2007 war für Italien eindeutig das »Jahr der Fami­lie«. Nie zuvor war dieser Begriff, in seiner konser­vativsten und reaktionärsten Fassung, so offensiv auf die Straßen getragen worden. Das vorerst letzte Beispiel dafür, wie der politische Aktivismus des Vatikan auch nicht-katholische Gesellschafts­segmente erreicht hat, war im vergangenen Monat die Kampagne des ehemaligen kommunistischen Journalisten und prominenten Fernsehmo­derators Giuliano Ferrara gegen die Abtreibung. In seiner bisher als rechtsliberal geltenden Zeitung Il Foglio rief er eine Kampagne für ein Moratorium »des Massakers an Unschuldigen« ins Leben und stellte dabei einen Vergleich mit dem kurz davor von der Vollversammlung der Uno be­schlossenen Moratorium der Todesstrafe. Der katholische Diskurs produziert Konsens, und das nicht nur in den eigenen Reihen, wie auch der Streit um die Universitätsrede bestätigte.

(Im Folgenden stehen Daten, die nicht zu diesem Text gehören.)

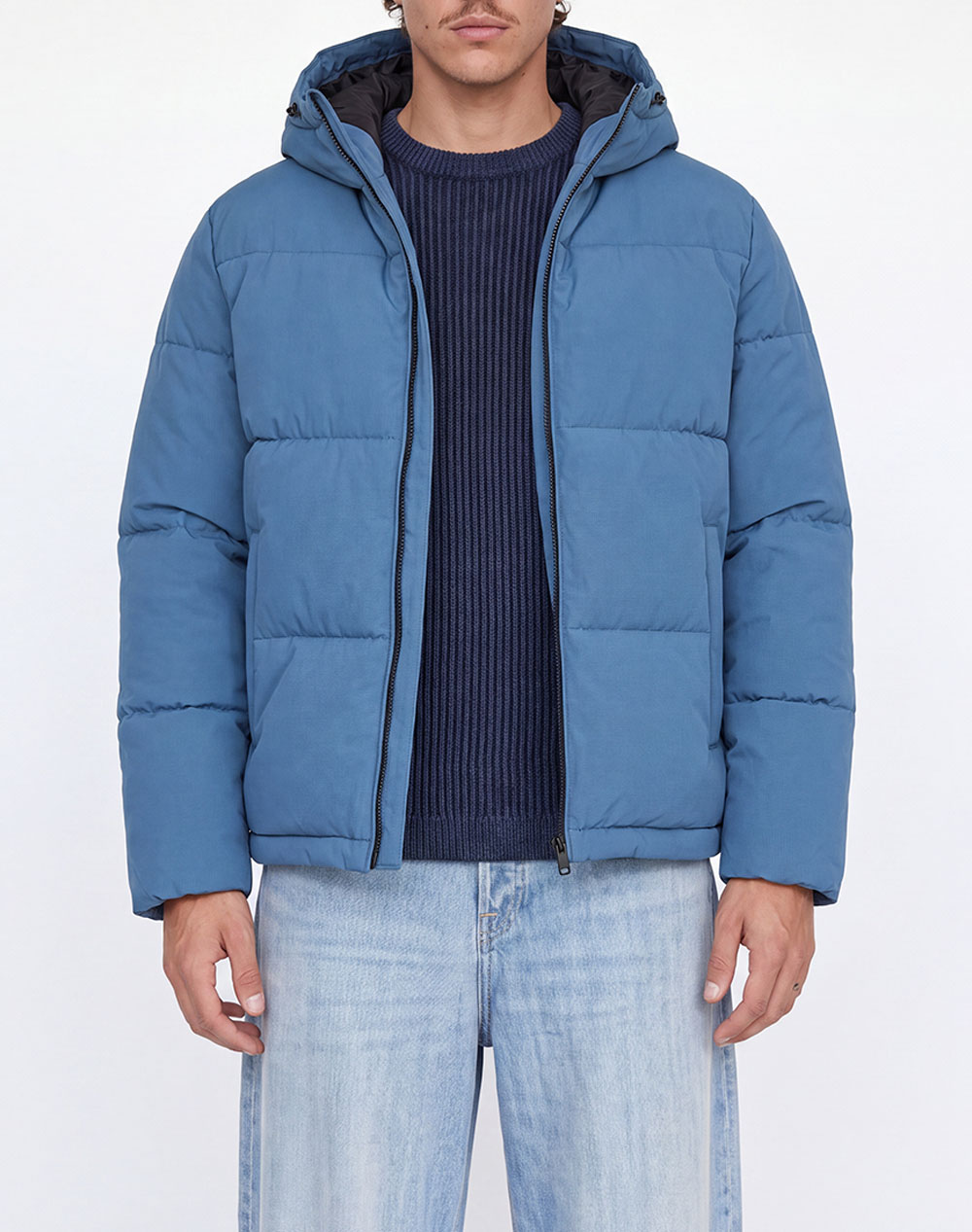 JACK&JONES JJGALAXY PUFFER JACKET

Eine wichtige Institution wie die Universität zeigte sich nicht zum Kniefall bereit, dies galt als ein Zeichen der Schwäche der anderen, viel mäch­tigeren Institution, und als solches war das nicht hinnehmbar. Der Vatikan hatte leichtes Spiel, den viel zu abstrakten Diskurs über Galilei und die Freiheit der Wissenschaft umzudrehen und daraus einen Vorwurf der Intoleranz und der Zensur zu machen gegenüber all jenen, die von ihrer Gedanken- und Redefreiheit Gebrauch machten. Somit gelang es der Kirche, sich schließlich als Gewinnerin in diesem Streit zu profilieren.

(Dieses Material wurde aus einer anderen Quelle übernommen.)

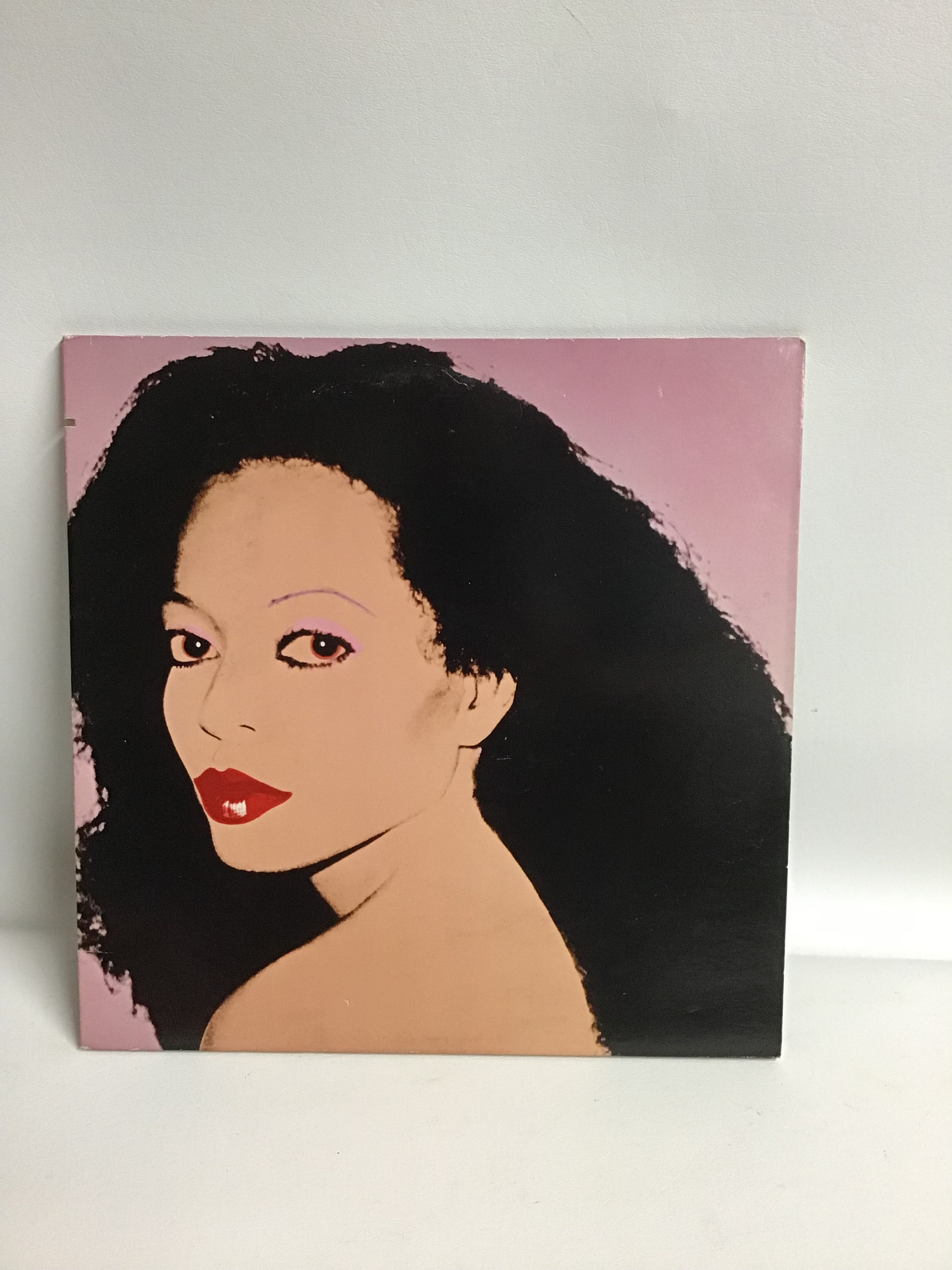 Diana Ross Vinyl Album 1982 Silk Electric - Etsy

Die Welle der Empörung nutzend, organisierte die Mobilisierungsmaschine des Vatikan innerhalb von wenigen Tagen eine spektakuläre Solidaritätskampagne mit dem »zensierten« Papst. Sie fand ihren Gipfel in dem göttlichen Spektakel vom Sonntag auf dem Petersplatz in Rom, mit 200 000 Ratzinger-Fans, die mit Zügen und Bussen aus ganz Italien angereist waren. Sie waren dem Aufruf des mächtigen Vikars des Papstes Ca­millo Ruini gefolgt, der nach dem erlittenen Affront die Katholiken dazu aufgerufen hatte, ihre »totale Nähe« zu ihrem geistlichen Führer zu bekunden.

Der Vatikan musste nicht alles alleine bewältigen. Er bekam eine beispiellose, parteiübergreifende, beinahe einstimmige Unterstützung des gesamten politischen Spektrums. Die Reaktionen von Politikern, Intellektuellen und prominenten Persönlichkeiten im öffentlichen Leben, die Leitartikel und Kommentare in den meisten Zeitungen sagen viel mehr aus über die derzeitigen politischen Verhältnisse in Italien als der Rücktritt des Justizministers der Regierung Prodi wegen einer Korruptionsaffäre, der zweite wichtige politische Vorfall der vergangenen Woche in Italien. Dass es dabei um Clemente Mastella, einen frommen Politiker, Vorsitzenden der katholischen Ein-Prozent-Partei Udeur ging, passte gut in den laufenden Opferdiskurs der Katholiken. Die wegen Korruption unter Hausarrest gestellte Ehefrau des ehemaligen Ministers suggerierte, sie und ihr Mann würden als Verteidiger der »katholischen Werte« von der Justiz verfolgt. Mittlerweile ist die Udeur aus der Regierungskoalition ausgetreten, die Opposition fordert Neuwahlen.

Die unerwarteten Reaktionen auf den Papst-Vorfall kamen jedoch aus einer ganz anderen Ecke. Die linksliberalen Leser der Tageszeitung La Repubblica beispielsweise konnten über den »kranken Laizismus« belehrt werden, der sich schleichend in der italienischen Gesellschaft verbreite. Beklagt wurde ein Klima der Intoleranz, das mit einem »freien und heiteren Meinungsaustausch unvereinbar« sei. Dass sich ein solcher Austausch mit einer Institution, die das Wahrheitsmonopol für sich beansprucht, historisch als schwierig erwiesen hat, konnte die einstimmige Rhetorik des »notwendigen Dialogs« zwischen »katholischer und nichtkatholischer Welt« nicht durchbrechen.

Mit sehr wenigen Ausnahmen setzten Katholiken und Laizisten den Diskurs durch, der Papst sei Opfer von Intoleranz und Antiklerikalismus ge­we­sen. Das nächste Mal wird es vermutlich schwie­riger sein, eine Kritik am Vatikan zu formulieren.

Das hat der Papst diesmal nicht seinen Anhängern zu verdanken, sondern seinen vermeint­lichen Gegnern.